解りやすい例にすり替えると、歌と全く同じことが言えます。
カラオケなどに行くと「あの人は上手いけど上手いだけだ」と言われる人や「あの人上手くはないけどいいよね」と言われる人がいます。

かつて私の周りにも歌の上手い男が何人かいました。音程は取れているしどんな歌でもそつなく唄ってみせるのです。
が、ずっと聞いていたいとは全く思わない歌でした。他の人も同じことを思っていたみたいで、彼らは「上手いけど、上手いけどさぁ……」と女性たちに裏で言われていました。


技術は重要です。
「下手でも気持ちが伝わればいい」なんて言葉がありますけど、普通は下手だと伝わらないから問題なのです。
「歌はハートだよ」というのはそのとおりだと思いますが、だからこそハートを伝えるための技術が必要です。




演技も同じです。が、上手いだけではやはり駄目です。
では「上手いけど、上手いけどさぁ」と言われないためにはどうすれば良いのでしょう。

まず「上手いけど……」と言われてしまう人がどういう人か考えてみましょう。
何年か前、知り合いにそこそこの演技力を持った役者がいました。彼は声もよく通ったし身体もよく動きました。しかし私から見て、全く魅力のない役者でした。無難に演技できますが、全く面白くなかったのです。
ただまあ端から見て判断するのもあれだからと一度試しに使ってみて、やっぱり「駄目だ」と思いました。

それは、技術先行の演技をしていたからです。
確か彼自身が技術至上的な発言をしていましたが、本当に「技術しかない」演技でした。
そしてだからこそ、その技術を鼻にかけていたのです。それが演技に表れていました(と言っても、当時の私から見てもさほど凄い技術力を持っていたわけではないのですが)。




私が初心者に演技を教えるとき、技術のことは後回しにします。
下手すると発声も後回しです(それはさすがにどうなんだ、と言われてしまいましたが)。

ただ、何でもそうですが技術は後からついてきます。

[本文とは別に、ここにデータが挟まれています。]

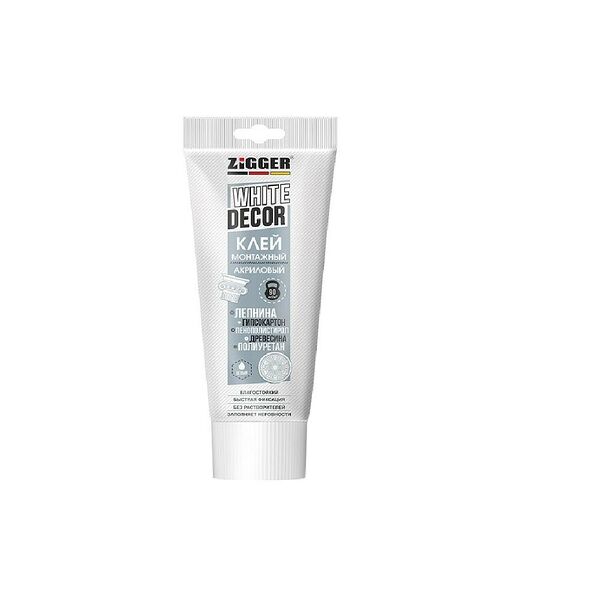 Клей монтажный акриловый для декора ZIGGER White Decor, белый, 250г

後で身につけることも可能です。
しかし、最初に「演技は技術だ」ということを植え付けられると、技術以外のものを中心に持ってきた演技ができなくなります。

それは、勉強のための勉強に慣れた学生が、知的好奇心を満たす勉強をできなくなるのと同じです。
「どうして勉強をするのか」という疑問を持たないまま勉強をすると、身につけた知識を日常生活に全く生かせません。
それと同じで、技術先行の演技をするとその技術を生かし切れないのです。


ではどうするか。
簡単です。必要になったら技術をつければいい。

ここで話は何故か突然セックスの話になるのですが、セックスも技術先行でやってはいけません。
まず「セックスしたい」「愛したい」という気持ちがあって、「相手に気持ちよくなってほしい」という思いから「気持ちよくさせるための技術」が必要になって、身につけるのが良いのです。

技術先行のセックスをすると論点が「身体が快感を感じているか」になりがちで、とても空しいのです。きっとさっき例に出した役者の男性はセックスの途中何度も女性に「気持ちいい?」と聞くタイプです。あんまりしつこいと、気持ちよくなきゃいけないのかよと言いたくなります。


同じように技術先行の演技は「俺、うまいだろ?」と言っているように見えるのです。歌も同じです。
まず技術を身につけて、それから色んな演技をするのではありません。色んな演技をしていくうちに、「この技術がないと今回の役は演じられない」となったら身につければ良いのです。


だから私は、上手い役者とは技術のある役者ではなくて技術の使いどころを知っている役者だと思います。
表現したいことがあって、技術不足で表現しきれなくて……その悔しさから身につけた技術は、あなたを何倍も輝かせてくれると断言できます。

月並みな言い方ですが演技はハートです。
スポーツも歌もセックスもハートです。

そしてハートを活かすために技術があります。
ハートをおごらせるような技術はないほうがいいのです。




じゃあ技術って具体的になんなの? という疑問には後で詳しく答えていきます。